• L'autre Fadette

    Francis Alÿs

    Paradox of praxis

    Mexico City, 1997

     

     

    Dans mon enfance, je pouvais passer des heures au grenier sur les vieux volumes en carton rouge et or de la collection Hetzel. Mon favori était La petite Fadette de George Sand. Le mot fadette m’étonnait, il m’évoquait la campagne, la pauvreté, j’associais aussi au farfadet, petit lutin à l’esprit follet, mais c’est au pied de la lettre que je prenais le mot, puisque je pensais qu’il s’agissait d’une petite fille fade, une fadette, quoi. Par identification sans doute, je n’avais pas encore l’égo très développé.

    Plus tard, j’avais découvert que Fadette signifiait, celle qui a des pouvoirs de fée (du latin fatum, le destin), ce qui correspondait bien au personnage de cette petite-fille de sorcière, qui cueillait des simples dans les marais, pour les rapporter à sa grand-mère, qui en faisait des potions magiques.

    J’en étais là de mon paysage intérieur, quand la presse envahit mes yeux, mes oreilles et mes narines, avec le mot, mais cette fois dans le sens tout à fait trivial, de FADET, pour FActure DETaillée, apparemment sorti tout droit du jargon policier.

    Il s’agit pour la police de pister les sources des journalistes. Rien à voir avec une écoute, c’est une lecture dont il s’agit, on analyse la traçabilité des appels, on repère les noms des correspondants soucieux de démocratie ; bref, comme l’a dit notre ministre de l’Intérieur, il s’agit tout juste d’un "repérage" par la facture. D’une manière ou d’une autre chez les UMPistes, tout finit toujours en gros sous, on s’en sert pour toucher, pour coucher, pour taxer et pour épier. Le bling-bling, alpha et oméga du sarkozysme.

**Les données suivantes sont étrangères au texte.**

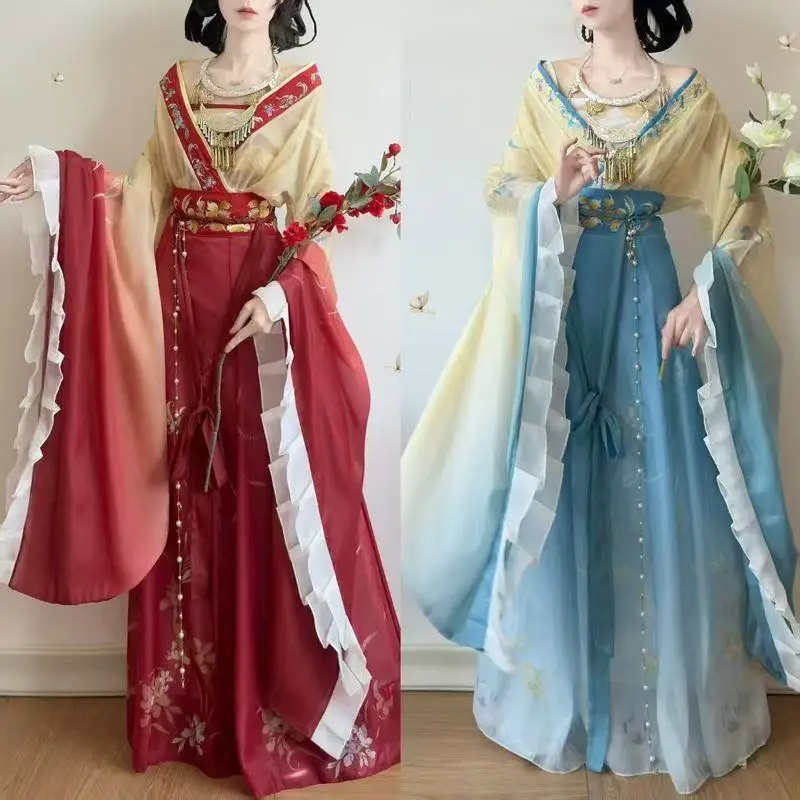 Palace Style Women's Hanfu Traditional Chinese Large Sleeve Clothing Wei Jin Dynasty Embroidered Suits Halloween Cosplay Hanfu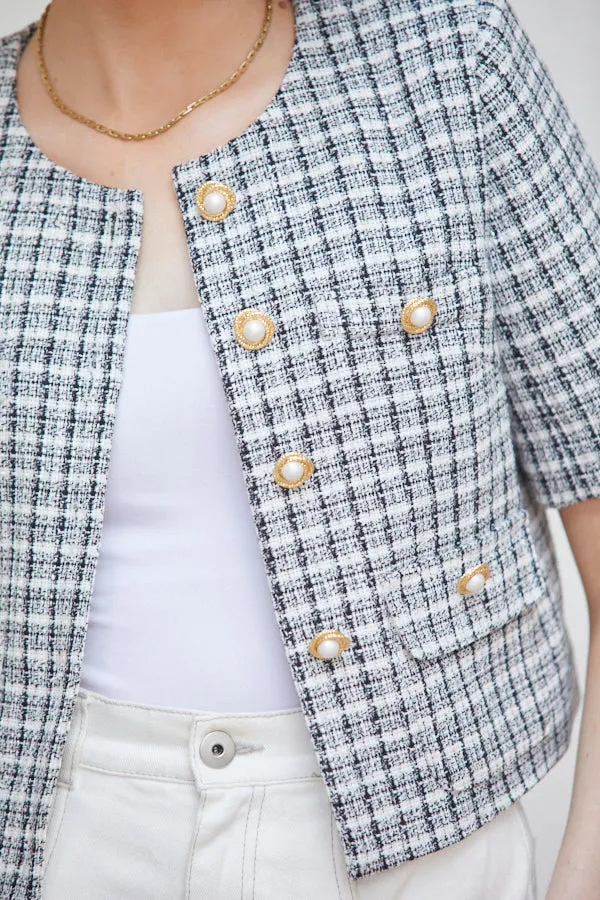 Gigi Tweed Little Jacket -CHECK-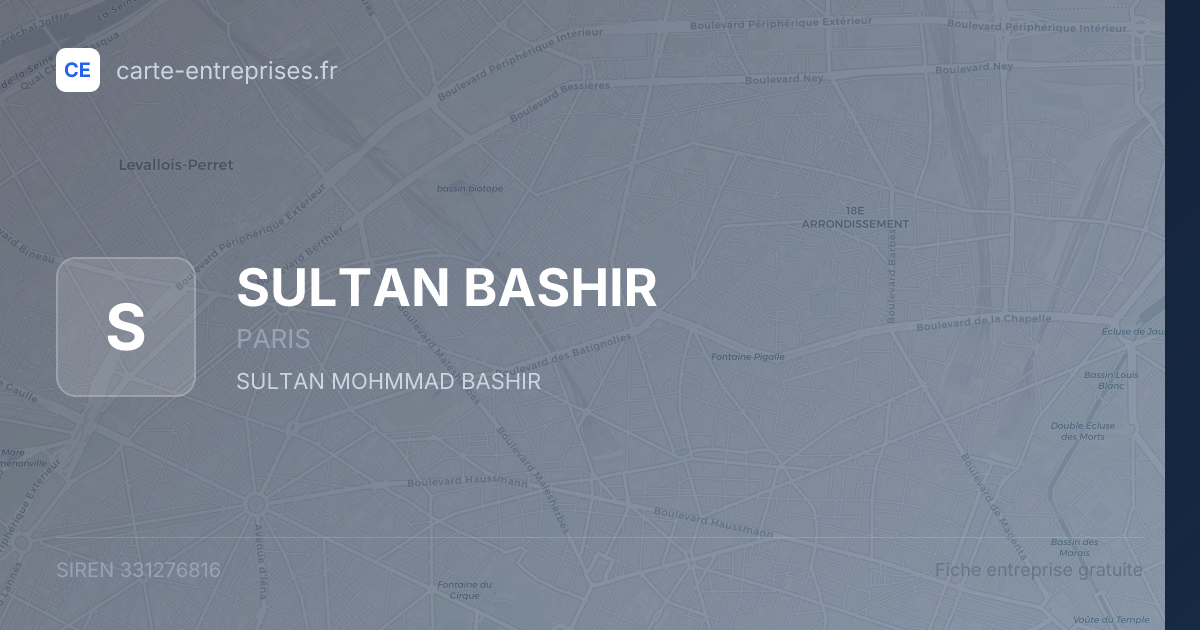 SULTAN BASHIR — 331276816 — fiche entreprise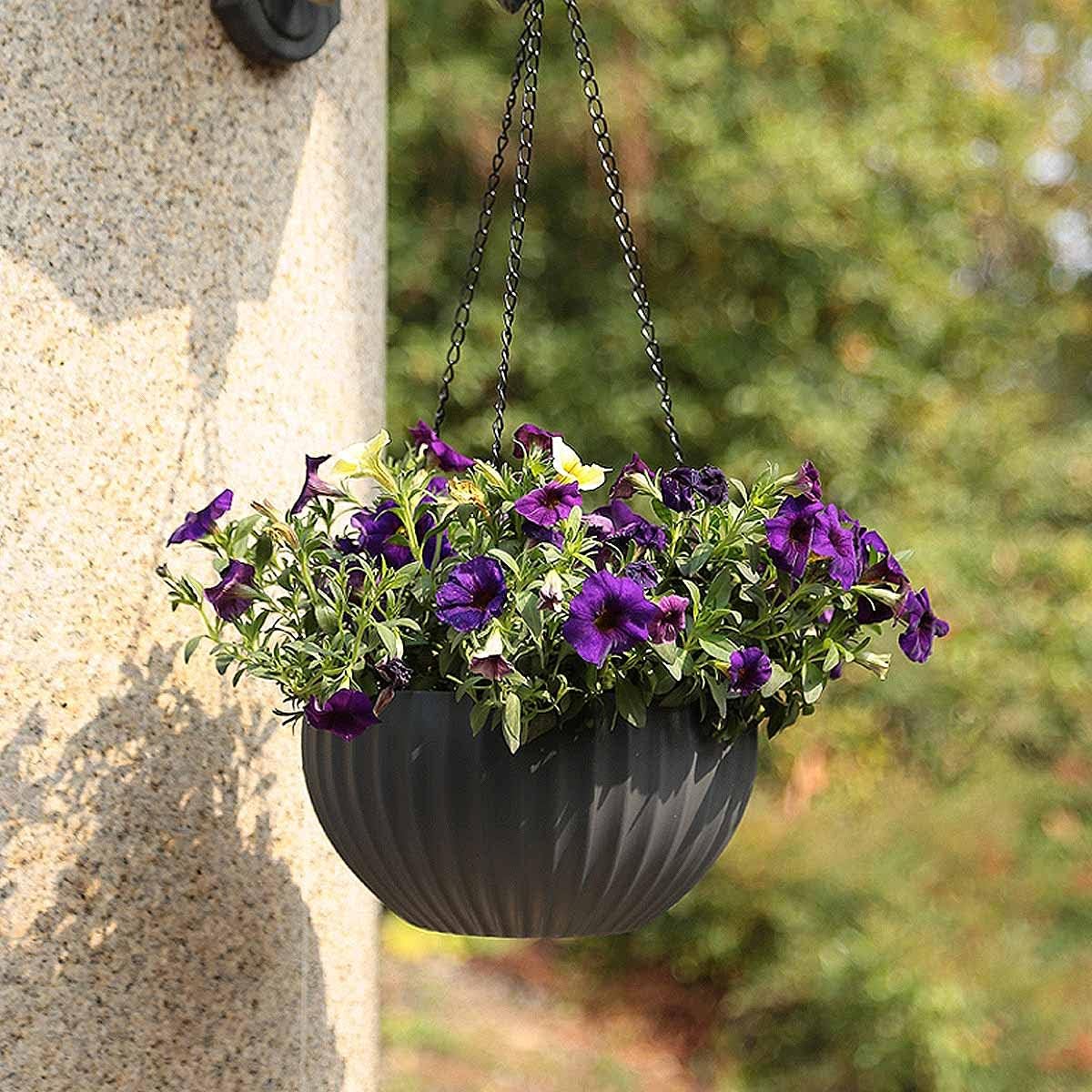 ZH-002 – Paquete de 1 cesta colgante redonda negra de 8.3 pulgadas, maceta colgante de metal, maceta de plástico de cerámica de imitación, maceta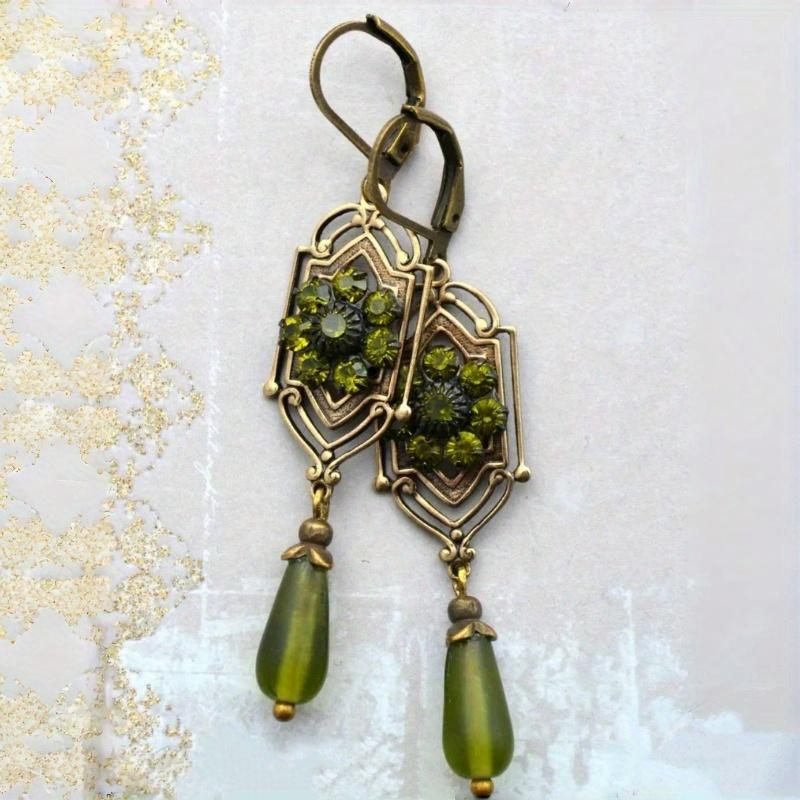 Art Nouveau Decorative Earrings Green Zirconia Antique Gold Color Boho Style for Daily Occasion Party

    Comme ces mots barbares, DAB (distributeur automatique de billets), TGV ou RTT, la FADET est donc un acronyme, né de l’esprit sans culture d’un ingénieur ou d’un comptable, et ici d’un policier, pour se simplifier la vie.

    Sauf que là, il a pollué mon cerveau gauche, celui des contes de fée de mon imaginaire enfantin. Et ça, je ne suis pas prête à lui pardonner.